Description:
The following syntax rules are taken from http://www.w3.org/TR/2006/REC-xml-20060816/ :
[1] document ::= prolog element Misc*
[22] prolog ::= XMLDecl? Misc* (doctypedecl Misc*)?
[28] doctypedecl ::= '<!DOCTYPE' S Name (S ExternalID)? S? ('[' intSubset ']' S?)? '>'
[75] ExternalID ::= 'SYSTEM' S SystemLiteral
| 'PUBLIC' S PubidLiteral S SystemLiteral
[11] SystemLiteral ::= ('"' [^"]* '"') | ("'" [^']* "'")
[12] PubidLiteral ::= '"' PubidChar* '"' | "'" (PubidChar - "'")* "'"
Therefore, the following text should be regarded as well-formed XML:
<!DOCTYPE html
PUBLIC "-//W3C//DTD XHTML 1.0 Transitional//EN"
"http://www.w3.org/TR/xhtml1/DTD/xhtml1-transitional.dtd"
>
<html>bla</html>
Howeverm, ExtractValue fails to parse this and reports this as "Incorrect XML".
Removing the SystemLiteral yields this document:
<!DOCTYPE html
PUBLIC "-//W3C//DTD XHTML 1.0 Transitional//EN"
>
<html>bla</html>
Note that this is not correct according to the XML specification. Yet, ExtractValue parses this without issue.
This is a serious problem because it does not allow one to parse standards compliant XHTML webpages which is arguably one of the most useful features of the extractvalue function.
How to repeat:
mysql> select extractvalue(
-> '<!DOCTYPE html
'> PUBLIC "-//W3C//DTD XHTML 1.0 Transitional//EN"
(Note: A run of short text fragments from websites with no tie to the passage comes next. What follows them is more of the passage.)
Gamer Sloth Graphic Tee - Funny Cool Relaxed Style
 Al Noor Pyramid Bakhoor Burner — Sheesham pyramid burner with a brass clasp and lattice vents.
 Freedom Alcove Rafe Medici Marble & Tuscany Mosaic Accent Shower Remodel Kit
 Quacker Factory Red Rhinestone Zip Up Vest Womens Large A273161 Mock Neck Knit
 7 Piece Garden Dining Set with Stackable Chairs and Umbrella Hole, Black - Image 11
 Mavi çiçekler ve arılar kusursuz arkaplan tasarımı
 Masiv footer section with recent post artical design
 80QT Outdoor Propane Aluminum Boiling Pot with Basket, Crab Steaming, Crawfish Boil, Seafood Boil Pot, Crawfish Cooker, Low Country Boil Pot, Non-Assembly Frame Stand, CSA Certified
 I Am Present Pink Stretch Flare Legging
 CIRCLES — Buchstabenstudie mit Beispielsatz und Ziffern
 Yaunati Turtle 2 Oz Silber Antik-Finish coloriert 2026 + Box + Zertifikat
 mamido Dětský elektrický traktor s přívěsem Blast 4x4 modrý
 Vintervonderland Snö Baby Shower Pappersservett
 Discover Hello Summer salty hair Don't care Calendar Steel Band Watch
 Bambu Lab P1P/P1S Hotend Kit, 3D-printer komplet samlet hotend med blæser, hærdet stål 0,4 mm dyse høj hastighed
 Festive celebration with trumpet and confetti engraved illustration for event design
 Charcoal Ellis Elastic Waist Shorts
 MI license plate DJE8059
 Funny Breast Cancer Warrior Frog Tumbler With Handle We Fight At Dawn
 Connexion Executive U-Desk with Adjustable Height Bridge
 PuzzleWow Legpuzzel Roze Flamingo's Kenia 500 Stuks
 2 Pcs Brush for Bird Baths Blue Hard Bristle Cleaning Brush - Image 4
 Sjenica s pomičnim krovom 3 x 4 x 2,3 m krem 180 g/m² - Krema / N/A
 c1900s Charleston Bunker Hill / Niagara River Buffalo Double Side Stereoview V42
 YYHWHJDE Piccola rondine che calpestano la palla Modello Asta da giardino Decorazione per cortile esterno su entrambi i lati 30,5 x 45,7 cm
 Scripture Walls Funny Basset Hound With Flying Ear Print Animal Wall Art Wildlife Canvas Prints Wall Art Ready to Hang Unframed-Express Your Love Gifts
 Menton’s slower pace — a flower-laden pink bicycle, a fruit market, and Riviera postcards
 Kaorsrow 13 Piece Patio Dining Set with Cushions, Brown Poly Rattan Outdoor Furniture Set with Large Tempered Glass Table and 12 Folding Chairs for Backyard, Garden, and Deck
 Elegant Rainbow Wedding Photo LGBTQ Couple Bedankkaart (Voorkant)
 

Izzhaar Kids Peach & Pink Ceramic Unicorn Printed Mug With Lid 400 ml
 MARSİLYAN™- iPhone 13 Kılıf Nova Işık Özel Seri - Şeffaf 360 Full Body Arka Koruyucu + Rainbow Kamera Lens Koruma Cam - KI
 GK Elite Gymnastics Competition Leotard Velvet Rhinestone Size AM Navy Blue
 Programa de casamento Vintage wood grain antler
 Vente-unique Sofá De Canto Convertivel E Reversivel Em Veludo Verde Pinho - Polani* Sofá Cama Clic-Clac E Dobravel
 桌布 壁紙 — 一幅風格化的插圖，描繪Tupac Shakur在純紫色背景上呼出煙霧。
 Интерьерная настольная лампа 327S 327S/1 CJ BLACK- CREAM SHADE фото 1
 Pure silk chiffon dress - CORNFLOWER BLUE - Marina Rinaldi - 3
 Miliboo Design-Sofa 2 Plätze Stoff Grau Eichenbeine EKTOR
'> "http://www.w3.org/TR/xhtml1/DTD/xhtml1-transitional.dtd"
'> >
'> <html>bla</html>'
-> ,'/html'
-> );
+------------------------------------------------------------------------------------------------------------------------------------------------------------------------------+
| extractvalue(
'<!DOCTYPE html
PUBLIC "-//W3C//DTD XHTML 1.0 Transitional//EN"
"http://www.w3.org/TR/xhtml1/DTD/xhtml1-transitional.dtd"
>
<html>bla</html>'
,'/html'
) |
+------------------------------------------------------------------------------------------------------------------------------------------------------------------------------+
| NULL |
+------------------------------------------------------------------------------------------------------------------------------------------------------------------------------+
1 row in set, 1 warning (0.00 sec)
mysql> show warnings;
+---------+------+-----------------------------------------------------------------------------------------------------------------------+
| Level | Code | Message |
+---------+------+-----------------------------------------------------------------------------------------------------------------------+
| Warning | 1522 | Incorrect XML value: 'parse error at line 3 pos 61: '</-//W3C//DTD XHTML 1.0 Transitio>' unexpected ('</EN>' wanted)' |
+---------+------+-----------------------------------------------------------------------------------------------------------------------+
1 row in set (0.00 sec)
FAILS! this is not correct behaviour, it should have succeeded as it it perfectly well-formed XML.
The next example, with not well-formed XML works without issue:
mysql> select extractvalue(
-> '<!DOCTYPE html
'> PUBLIC "-//W3C//DTD XHTML 1.0 Transitional//EN"
'> >
'> <html>bla</html>'
-> ,'html'
-> );
+----------------------------------------------------------------------------------------------------------------+
| extractvalue(
'<!DOCTYPE html
PUBLIC "-//W3C//DTD XHTML 1.0 Transitional//EN"
>
<html>bla</html>'
,'html'
) |
+----------------------------------------------------------------------------------------------------------------+
| bla |
+----------------------------------------------------------------------------------------------------------------+
1 row in set (0.00 sec)
Suggested fix:
Please fix this and parse according to standard XML syntax.